Design a Stock Exchange: The System Design Interview Walkthrough

- Determinism before throughput: the sequencer stamps every order with a monotonically increasing number before any matching happens.
- Order book = TreeMap + FIFO Queue + HashMap: O(log P) add, O(1) cancel with a doubly-linked list, O(M log P) match.
- Matching engine is single-threaded per symbol: no locks, no concurrency within a symbol; scale by sharding symbols across threads.
- Journal-first architecture: the in-memory order book is a materialized view of an append-only log, enabling crash recovery in under a minute.
- Market data uses multicast UDP: loss is acceptable, latency is not; sequence gaps trigger selective retransmission from a snapshot service.

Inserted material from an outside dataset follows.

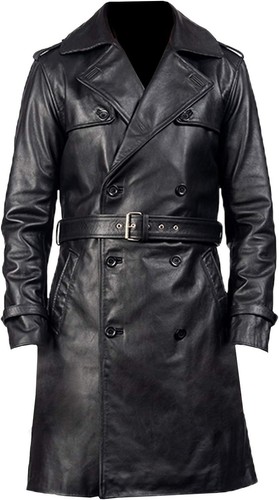Herren schwarz leder - schwarz,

- Pre-trade risk checks run before the sequencer: position limits, notional caps, instrument halts, and LULD circuit breakers all fire here.

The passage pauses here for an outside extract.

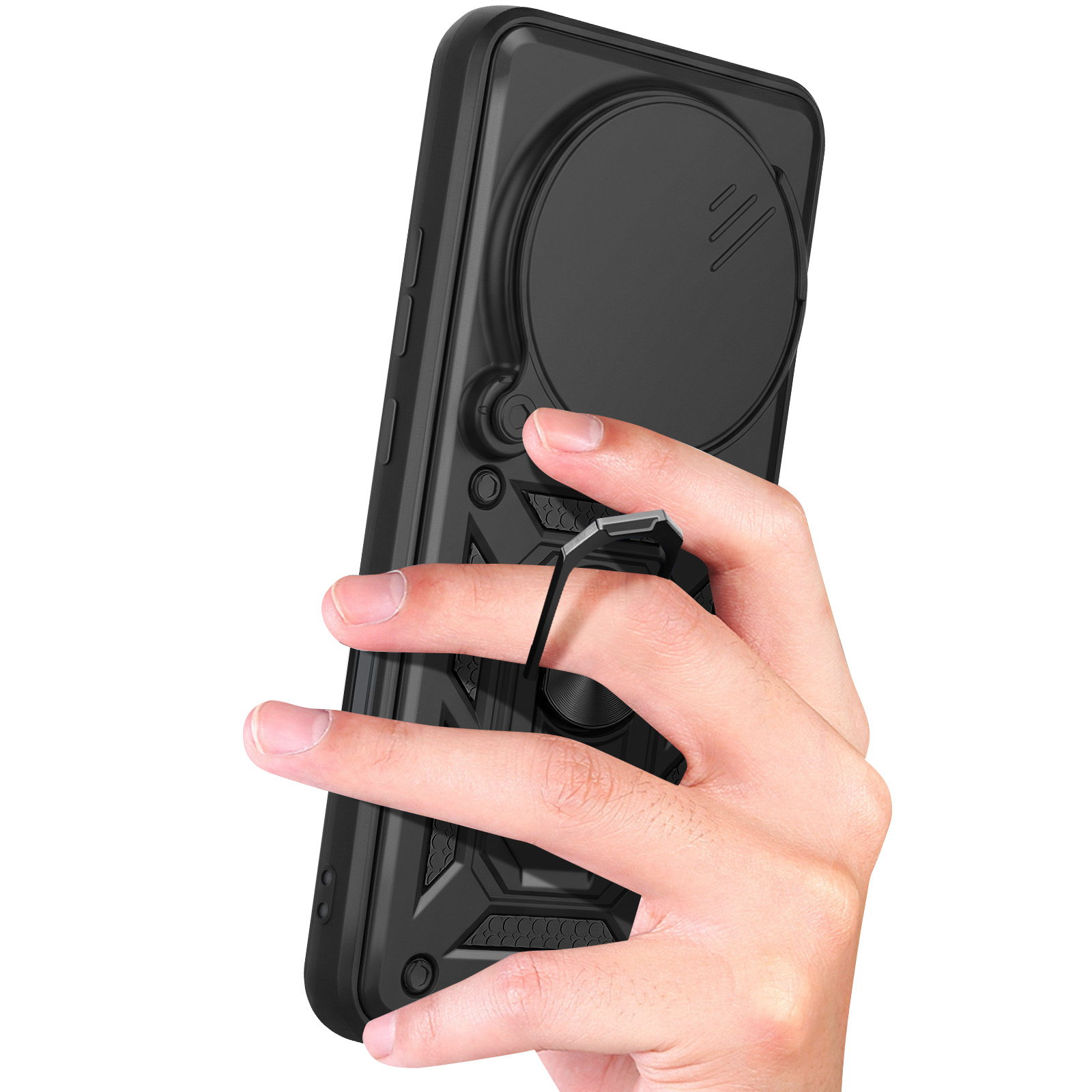 Avizar Coque Pour Xiaomi Redmi 10C avec Cache caméra et Bague Support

- Sequencer sharding is the key tradeoff: one global sequencer guarantees cross-symbol ordering; sharding by symbol group weakens that guarantee.
Most candidates walk into a stock exchange system design interview and immediately start talking about databases and load balancers. Both matter. The harder problem is determinism. Two traders submit orders at the same millisecond. One of them gets filled. The other doesn't. Whoever gets filled first depends on a sequence number assigned before any matching happens. Get that sequencing wrong and you have a lawsuit, not just a bug.

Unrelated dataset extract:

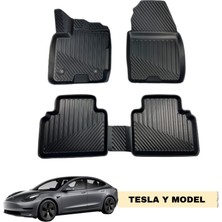 HLP Tesla Y Model 3D Havuzlu Tam Uyumlu Oto Paspas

Keep that frame in mind as we build this.
Engineering a trading system correctly is harder than it looks. Even for the goldfish.
Scoping a Stock Exchange System Design Interview
Start by narrowing. Ask: are we building a full exchange (listing, settlement, market making) or just the trading core? For a 45-minute interview, scope down to the critical path.
In scope. Submit orders (limit and market), match them by price-time priority, publish trades and quotes, handle cancels.
Out of scope. Account management, margin, options/futures, payment rails.
Non-functional requirements. This is where it gets interesting. A typical exchange processes millions of orders per day, with peak throughput in the tens of thousands of orders per second at market open. Nasdaq's market data feed hits application latency at roughly 42 microseconds for co-located clients. LMAX, a retail derivatives exchange, demonstrated 6 million orders per second on a single JVM thread in 2011. Your target in an interview: single-digit millisecond round-trip, ~100K orders/sec sustained, deterministic ordering guaranteed.
High-Level Architecture: Six Boxes, Left to Right
Draw these as a pipeline. The interviewer wants to see the critical path before you dive into any single component.
Every order travels this path. The sequencer is the component that keeps the lawyers away.
Gateway. The front door. Accepts orders via FIX (Financial Information eXchange), the wire protocol used by virtually every broker and exchange globally. Validates schema, rate-limits clients, translates FIX messages into internal structs. Stateless and horizontally scalable.
Risk Checks. Pre-trade validation: does the client have enough buying power? Is the order size within position limits? Is this ticker currently halted? Reject fast, before anything hits the sequencer. This is mostly in-memory reads, O(1) per check. It is also where you stop someone from accidentally submitting a $10 billion market order at 9:30am on a Tuesday.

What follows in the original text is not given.